I published an academic paper on climate change and global fire predictions last month, and I have been in my own media storm ever since. The huge wildfires that have broken out in the western United States had prompted dozens of enquiries from the press, nearly all asking the same question: “Are these fires due to climate change?”.

For me, that marks a significant shift from previous years. During the conflagrations in southern California in 2003 and 2007, and the Black Saturday fires in the state of Victoria, Australia, in 2009, the question most reporters asked was: “Who is to blame here?”.

This fresh curiosity about the link between fire and climate change is an important opportunity, of sorts. The media and the public seem to be searching for the evidence they need to take climate change more seriously. It is sad that it seems to take disasters to shift perspective, but perhaps they will also lead to a more science-based discussion of policy and planning. The term 'tipping point' gets thrown about too much, but I wonder if the United States is near one in terms of public perception about climate change.
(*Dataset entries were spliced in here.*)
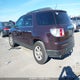 5GZER23788J152127 2008 Saturn Outlook Xr auction photo thumbnail 3
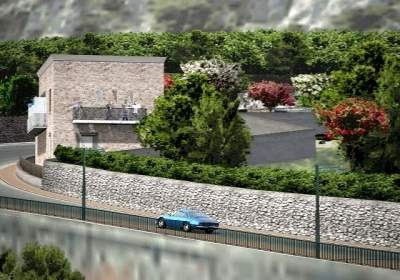 Gran Turismo 4 (Japanese language version) image 25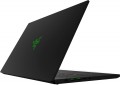 Razer Blade 15 2023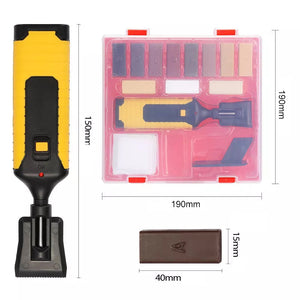 Reparaturwerkzeuge Für Holzmöbel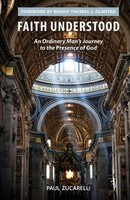 Paul Zucarelli | Faith Understood | Taschenbuch | Englisch (2018)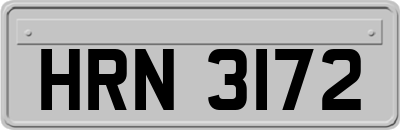 HRN3172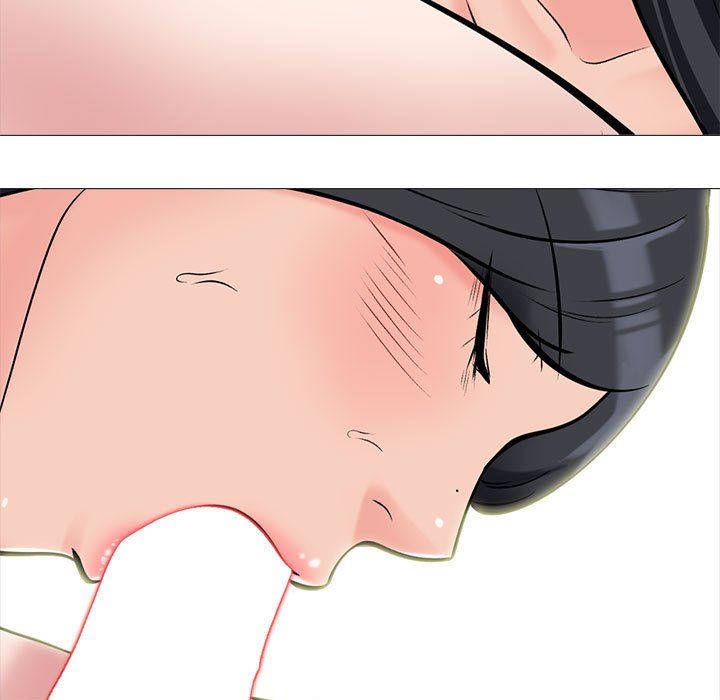 [Manhwa] Scheming female professor Campus, mature woman wife, female teacher, big breasts, big tits, female student#[116P]-111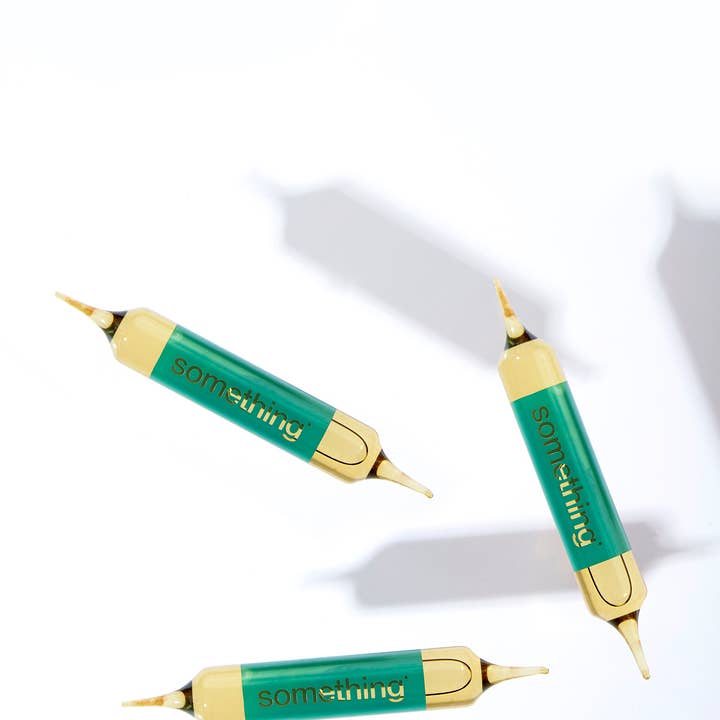 Biocol Labs - Wholesale Oral Supplement/Vitamin - Something for a detox week.2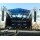 60sqm P9.375mm Outdoor Die casting Rental LED Screen with High Gross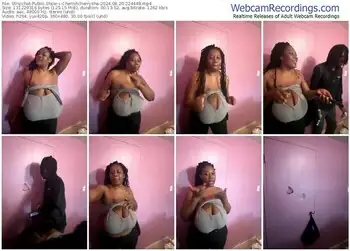stripchat-cherishcherrysha-08-20-2024-22-44-48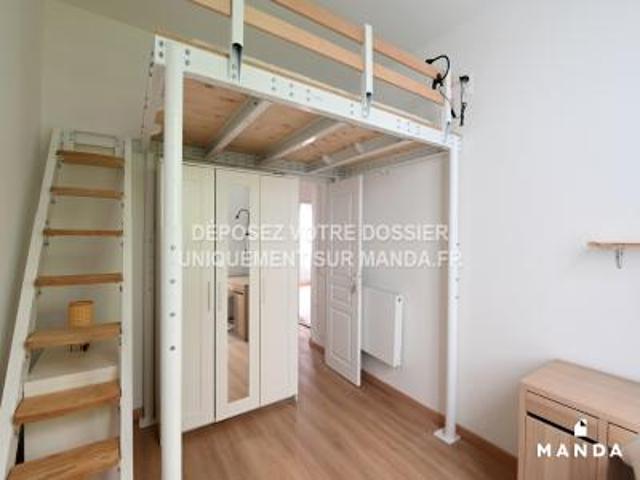 location appartement paris 17eme arrondissement 5 pièces 9 m2 paris 75017 778 € / mois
The start of this year's fire season has been unusually fierce. Much of the western United States is extremely dry, and there are many reports of temperatures and forest fires that have broken records. The number of buildings destroyed — nearly 1,000 in a recent count — is staggering. Even if the fire season does not continue at the same a terrifying pace, these events could help to make climate change more real for many people. Is there a link with global warming? We have good reason to think so, and not taking the link seriously could have disastrous repercussions.

Climate change is not the only explanation. As usual, the conservative end of the political spectrum (including climate-change deniers) tends to blame environmental groups for opposing projects to thin forests, arguing that harvesting timber could have averted the devastating fires or mitigated their effects. Another argument focuses on the fact that we increasingly build homes in fire-prone ecosystems, including those that experience high-intensity fires as a natural event.

The latest fires in the interior west leave several open questions, and sometimes 'all of the above' is the best scientific explanation. Fire hazard can increase sharply after suppression of natural fires in dry forests of ponderosa pine, so the lack of active forest management (including prescribed fires) is indeed a potential culprit there. The picture is less clear for other forest types, and only further examination of fire-severity patterns will determine the role that forest management could have.

However, even if objections from environmentalists have contributed to more severe fires in some places, it does not follow that they contributed to the destruction of homes. Typically, structures ignite in exceptionally windy conditions, and this greatly offsets the effectiveness of forest thinning. Embers can be carried on the wind for kilometres until they find their way into a vulnerable spot, such as an unscreened vent or dry leaves under exterior decking. Poor planning decisions regarding building development and land use are at the heart of the structure-loss problem.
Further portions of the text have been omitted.